De VOC'ers die langere tijd in Birma verbleven, kregen gedurende hun verblijf van de plaatselijke autoriteiten een lokale vrouw aangereikt om als man en vrouw mee samen te wonen. Kinderen die uit deze relaties voortkwamen, mochten evenwel niet het land verlaten. Ook de vrouw moest achterblijven. Een favoriete manier van de VOC om schuldenaren tot betalen te dwingen was ze dagenlang in de brandende zon te leggen, geketend en zonder voedsel of drank, conform het lokale gebruik.[4]

Arakan

In het koninkrijk Arakan had de VOC één handelspost.

Na de bouw van een nieuw kantoor in 1653 sloot de VOC een contract met de lokale machthebbers, waarin onder andere stond dat de VOC geen tol hoefde te betalen. De slaven die Arakan leverde, waren vooral Bengaalse krijgsgevangenen. Toen een oorlog tussen Arakan en Bengalen eindigde, viel de slavenhandel stil en werd het kantoor in 1665 gesloten om later weer heropend te worden.
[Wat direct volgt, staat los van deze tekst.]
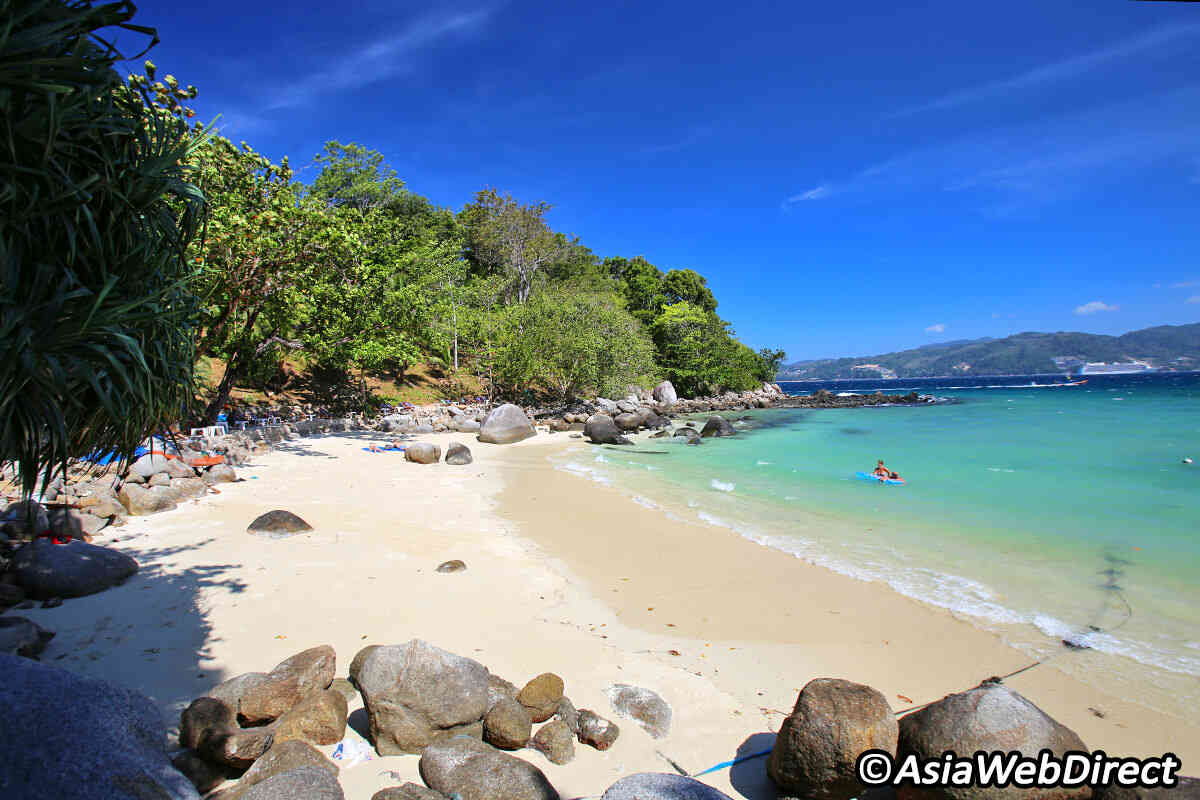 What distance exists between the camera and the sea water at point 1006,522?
657 cm

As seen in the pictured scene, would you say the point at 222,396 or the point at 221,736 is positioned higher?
the point at 222,396

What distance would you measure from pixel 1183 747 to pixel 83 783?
7557mm

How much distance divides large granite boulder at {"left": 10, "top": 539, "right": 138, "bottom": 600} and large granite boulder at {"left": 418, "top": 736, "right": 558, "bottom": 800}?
4.93 m

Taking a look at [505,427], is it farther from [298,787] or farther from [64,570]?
[298,787]

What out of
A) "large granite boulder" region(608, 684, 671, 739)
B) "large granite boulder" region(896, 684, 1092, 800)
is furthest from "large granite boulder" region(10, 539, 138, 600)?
"large granite boulder" region(896, 684, 1092, 800)

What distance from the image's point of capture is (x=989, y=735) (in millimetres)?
3229

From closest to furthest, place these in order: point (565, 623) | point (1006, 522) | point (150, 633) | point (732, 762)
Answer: point (732, 762) → point (150, 633) → point (565, 623) → point (1006, 522)

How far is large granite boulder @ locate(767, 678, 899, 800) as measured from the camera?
11.3ft

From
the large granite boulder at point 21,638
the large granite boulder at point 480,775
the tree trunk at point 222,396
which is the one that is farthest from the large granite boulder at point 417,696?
the tree trunk at point 222,396

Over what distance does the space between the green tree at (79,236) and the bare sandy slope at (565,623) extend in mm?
2620

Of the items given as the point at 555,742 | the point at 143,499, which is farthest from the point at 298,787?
the point at 143,499

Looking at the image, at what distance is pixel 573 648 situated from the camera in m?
5.59

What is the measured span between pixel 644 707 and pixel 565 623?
1.93m

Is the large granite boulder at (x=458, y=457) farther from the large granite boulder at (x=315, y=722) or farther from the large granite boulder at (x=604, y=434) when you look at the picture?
the large granite boulder at (x=315, y=722) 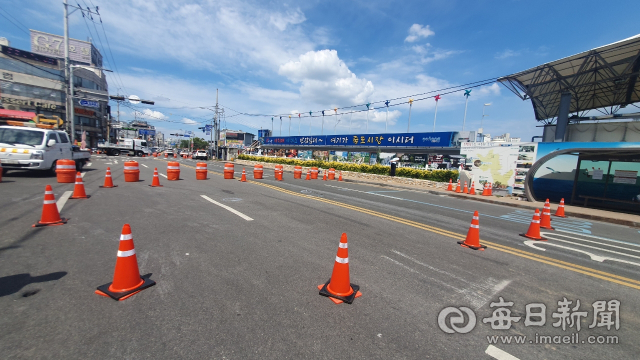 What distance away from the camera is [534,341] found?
102 inches

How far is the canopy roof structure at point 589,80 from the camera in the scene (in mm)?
14484

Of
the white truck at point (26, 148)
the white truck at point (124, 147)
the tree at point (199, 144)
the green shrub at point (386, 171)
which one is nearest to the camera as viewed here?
the white truck at point (26, 148)

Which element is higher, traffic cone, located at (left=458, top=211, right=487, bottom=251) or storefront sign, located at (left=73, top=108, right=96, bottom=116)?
storefront sign, located at (left=73, top=108, right=96, bottom=116)

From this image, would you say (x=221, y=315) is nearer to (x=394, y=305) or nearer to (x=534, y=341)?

Van 1624 tot en met 1665 werden in Arakan door de VOC in totaal 11.556 slaven ingekocht, zowel mannen, vrouwen als kinderen. De slaven kwamen oorspronkelijk uit het nabijgelegen Bengalen. Prijzen voor slaven varieerden. In Dianga werd in die jaren betaald: zestien tot achttien gulden voor mannen vanaf twaalf jaar, negen tot zestien gulden voor vrouwen, twaalf tot zestien gulden voor jongens onder de twaalf jaar en negen tot veertien gulden voor meisjes.[5]